Die Wohnbauten des Berliner Architekten Norman Braun zeugen vom Optimismus und dem uto-pischen Impuls der deutschen Nachkriegsmoderne. Die Fassaden des vier- bis neungeschossigen Gebäudeensembles im Afrikanischen Viertel in Berlin Wedding wurden mit quadratischen Fliesen verkleidet, die sich, dem Bauvolumen folgend, um die abwechslungsreich gestaffelten Vorsprünge und Einzüge der Fassadensegmente falten. Die einzelne Fliese wird zum universellen Gestaltungsmodul, das mit der gebaute Form und der Dimension des Gebäudes korreliert. Das Fugenbild betont die räumliche Staffelung der Fassade und wird zum abstrakten Raster aus dem der Raumkörper erwächst. Diese prägnante bauzeitliche Fassade belegt die differenzierte Architektursprache Brauns und seine die Auseinandersetzung mit den Architekturutopien seiner Zeit, in denen modernes Bauen mit den veränderten Bedingungen urbaner und gesellschaftlicher Entwicklungen konfrontiert wurde. Begriffe wie Modularität, Rasterung und Superstruktur beschreiben die Gestaltungsspanne vom Material bis zur Stadtgestalt. Diese Kohärenz wurde relevant für die Vorstellung zukünftiger urbaner Entwicklungen. Bildprägend in dieser Zeit war das italienische Architekten-kollektiv Superstudio, das auf einem quadratischen Raster basierende skulpturale und konzeptionelle Architekturen entwarf, die prinzipiell unendlich erweiterbar waren und sogar kosmische Dimensionen annehmen konnten. Architektur wurde als Rahmenstruktur gedacht, die sich über bestehende Städte legt und in ihrem Inneren einen durch den Bewohner veränderbaren Freiraum bietet.

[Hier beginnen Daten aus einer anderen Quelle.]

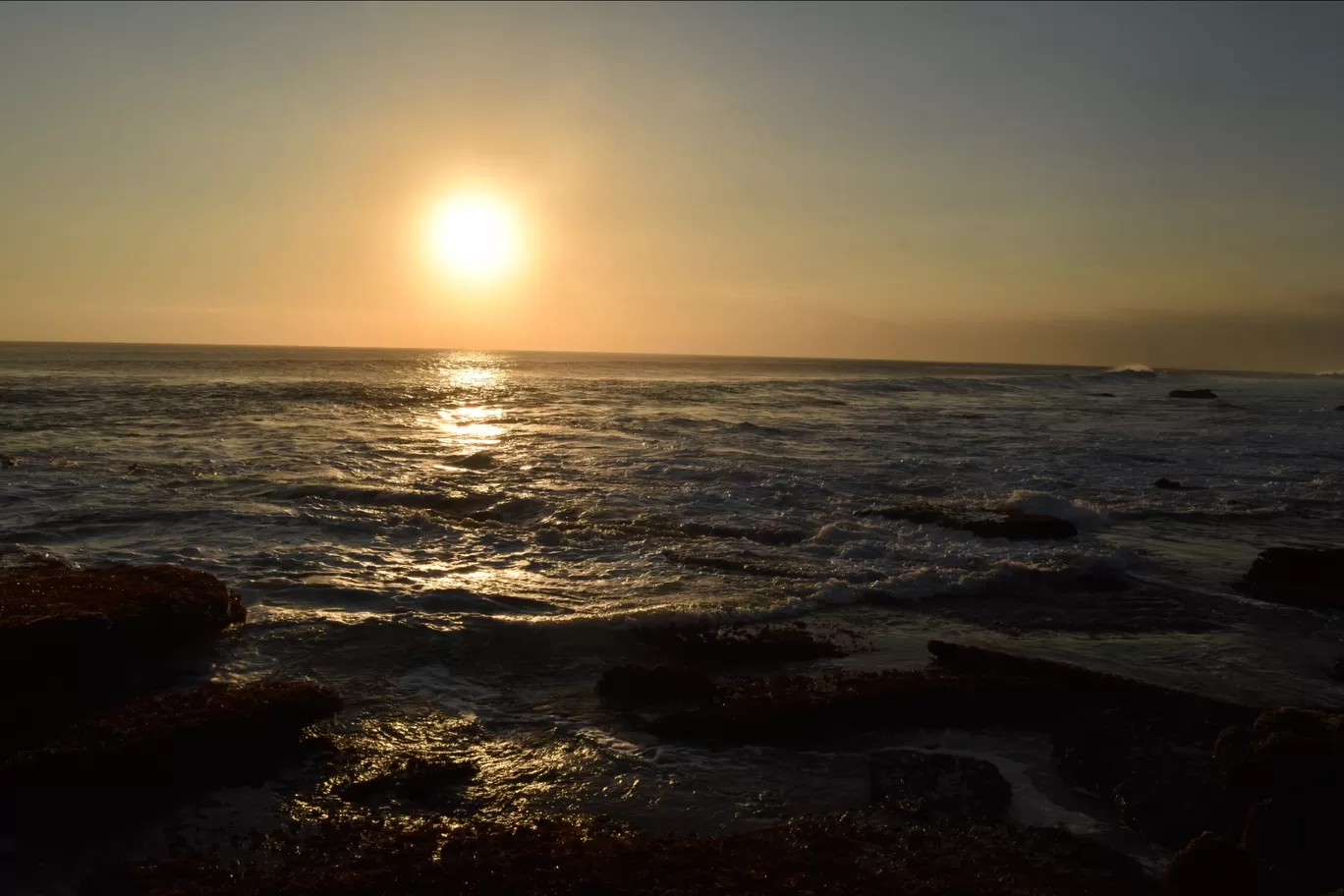 Photo of Tanah Lot By Sharanya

Da mit dem Rückbau der Braunschen Fassadenoberfläche auch der ästhetische Bezug zu diesen Utopien verschwindet, ist der vorliegende Entwurf für Vonovia Sculpture Experience als ein Statement zu lesen, an diese Kontexte anzuknüpfen und ihren ästhetischen wie konzeptionellen Wert zu würdigen. REFRAMING ist eine zweiteilige skulpturale Installation entlang der Längsachse des Freiraums zwischen den Wohnbauten. Die beiden rahmenförmigen Skulpturen sind mit keramischen Fliesen belegt, die denen der Originalfassade in Größe, Farbigkeit und Textur getreu nachempfunden sind. Die Akzentuierung der Hauseingänge, und damit das architektonische Wechselspiel zwischen Innen- und Außenraum, wird im neuen Verlegemuster der roten und weißen Fliesen spielerisch aufgegriffen. Die aus dem quadratischen Grundmodul entwickelte Dimension der beiden Rahmen lässt deren Anmutung zwischen Skulptur und Gebäude changieren. Sie sind sowohl Fenster als auch Fassade, sie schaffen spezifische Orte zum Verweilen, sind Innen- und Außenraum zugleich und bieten Standpunkte und Perspektiven an. Ihre Standflächen bestehen aus quadratischen Betonplatten, wie sie – ebenfalls bauzeitlich – im Freiraum der Siedlung eingesetzt wurden. Die Rasterungen der Rahmen und der Standflächen beziehen sich aufeinander. Eine Ecke des Rahmens ragt jeweils über die Basis hinaus und schafft einen räumlichen Verweis auf die umgebenden Freiflächen mit Rasen und altem Baumbestand. Der Titel des Kunstwerks verweist auf das ‚reframing’, eine dynamische Wahrnehmungsstrategie, die in der Psychologie Anwendung findet, wonach das Betrachten einer Sache aus einem neuen Blickwinkel heraus neue Sichtweisen und Handlungsmöglichkeiten kreiert. In diesem Sinne haben die beiden rahmenförmigen Skulpturen das Potential, sowohl über die räumliche als auch die zeitliche Distanz hinweg eine Verbindung untereinander und zu ihrem Umfeld aufzunehmen, die je nach Standpunkt unseren Bezug zur Utopie der Nachkriegsmoderne und deren ästhetischer Kraft neu in den Blick nimmt und ihn auf das Bestehende und Kommende projiziert.